Physical security is tricky to enforce. Most people are smart enough to avoid plugging a random USB drive or Ethernet cable into a machine that holds sensitive data – but they won’t think twice about using a projector in a classroom or at a conference. Thunderbolt adds a whole new class of peripherals into the “untrusted” group. Watching the professionals take a crack at this will be very interesting.


Back to Basics

February 24, 2011

An article on Threatpost makes a compelling point: despite the amount of press lavished upon attacks like Stuxnet or Aurora, most companies don’t need to be worried about the latest and greatest targeted attacks. They need to worry about the basics – SQL injection attacks, phishing, social engineering, and other “boring” threats.

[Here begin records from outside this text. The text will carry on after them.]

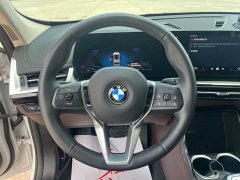 BMW X1 2023 sDrive20Li X Design Package - ფოტო 12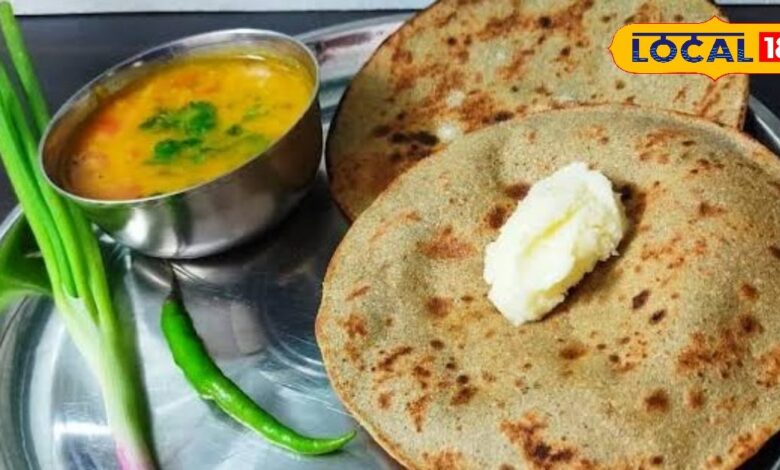 सर्दियों में बाजरा खाने के फायदे पाचन, हड्डियों और ब्लड शुगर के लिए.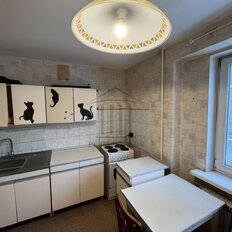 Квартира 34,7 м², 1-комнатная - изображение 1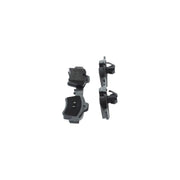 Bosch Front & Rear Pads fits Mercedes-Benz G-Class 2004-2018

For the vast majority of companies, especially ones outside of the Fortune 100, there is simply no present threat from something like Aurora. Complex, expensive security infrastructures aren’t what you need. You need properly hardened servers, trained employees, and developers who know how to write secure application code.


OddJob

February 22, 2011

A new trojan, named OddJob, has been discovered. It surreptitiously hijacks a web banking session, cutting off “logoff” attempts and allowing the criminals who operate the trojan remotely to access victims’ accounts.

This is a nasty one.


Android Trojan

February 18, 2011

Another trojan for the Android smartphone platform was discovered earlier this week. This is apparently being included in repackaged wallpaper packages and used in the Chinese market. It essentially uses the phone’s data connection in the background to perform search engine queries and click on results; I imagine that click fraud revenue is a motivator.


Unsecured IP Cameras

February 17, 2011

Here is an interesting article over at Ars Technica about the prevalence of Internet-accessible cameras that you can find with a simple Google query. Some of them are intended for public consumption, like the aquarium cam he posts a picture from. Some of them are not, like the jewelry store security cam. But all of them are available to anyone who can find the URL in a search engine.

Why is this so?

Well, security cameras used to be a dedicated product with specialized cabling and deployment techniques. But like so many things (voice telephones, printers, POS terminals, etc.), someone had the innovative idea to just put cameras onto an IP network instead. This meant that the cameras no longer needed runs of special analog cabling back to a VCR or monitor – instead, you could just access the video feed with a web browser.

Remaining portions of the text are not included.